1. The leaders were key in this. Leaders have a very great responsibility before God and under God. It is through Godly leaders that the church will right itself, that lives will be helped to be impacted through God’s Spirit. Where the leaders turn to and fear God, there will be blessing and this will pass on to the people and the nation and the land.

2. The people obeyed God, recognised Haggai as the Lord’s prophet and in turn they began to fear the Lord. (For more on the fear of the Lord visit our Talks > Fear of God. But obedience to God is our response to God’s knock on our hearts door. Obedience leads people to see God in his glory, see the world as it is, hear God’s message and place God in his rightful place as king over our lives. 

3. As a result of the people’s obedience and response to God’s message, God spoke to encourage them and let them know that he was with them. The Bible says that if we draw near to God he will draw near to us. Hebrews 10:22 also says, ‘let us draw near to God with a sincere heart in full assurance of faith, having our hearts sprinkled to cleanse us from a guilty conscience and having our bodies washed with pure water.’ God longs to encourage you, to use you, to be with you. All you need do is ask and obey, put him first and he will put you first. 

4. God gives purpose to life. The people came and worked on the temple. There’s nothing quite like being part of a team working for God. I’ve done it in many ways (mission in Lithuania, youth work team, schools work team etc.) and it’s awesome to be able to be on team working for God. Thing is, team is found everywhere. As we say in hip hop, ‘we all fam’. Which means we’re all family, all God’s people.

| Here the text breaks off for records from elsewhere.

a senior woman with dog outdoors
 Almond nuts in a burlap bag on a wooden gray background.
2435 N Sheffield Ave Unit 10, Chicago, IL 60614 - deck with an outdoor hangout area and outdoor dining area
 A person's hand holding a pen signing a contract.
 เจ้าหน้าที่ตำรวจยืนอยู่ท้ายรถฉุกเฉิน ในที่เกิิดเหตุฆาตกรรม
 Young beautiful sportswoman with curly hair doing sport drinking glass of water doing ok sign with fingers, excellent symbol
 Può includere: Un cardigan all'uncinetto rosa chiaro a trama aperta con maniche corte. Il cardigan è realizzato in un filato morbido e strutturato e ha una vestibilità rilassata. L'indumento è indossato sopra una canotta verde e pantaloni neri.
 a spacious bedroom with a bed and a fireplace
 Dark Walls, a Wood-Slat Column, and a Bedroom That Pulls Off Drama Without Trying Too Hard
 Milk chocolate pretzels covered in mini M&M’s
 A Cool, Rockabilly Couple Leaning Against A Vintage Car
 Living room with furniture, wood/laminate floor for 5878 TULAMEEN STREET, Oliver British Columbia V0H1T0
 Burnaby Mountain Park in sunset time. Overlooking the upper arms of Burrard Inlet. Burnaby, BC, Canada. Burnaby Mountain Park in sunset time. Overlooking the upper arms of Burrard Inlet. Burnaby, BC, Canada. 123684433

You can bet that on the temple there were carpenters, people carving statues, artists, musicians, sculptors and more. Loads of different people offering all their different gifts to work on different parts of God’s temple. It’s a beautiful and God -ordained picture of the Jesus and the church. Jesus is the cornerstone, we are his craftsmen, working in different ministries, to build the kingdom of God. Let’s never forget this is how God works, he uses all of us in different ways to reach different people at different times. Let’s be open and ready to build our part of the ‘temple’ and let’s do it to the highest standards we can. You see, if we don’t build a building to high standards, it may collapse. The same danger is true of the church. We’re all one family!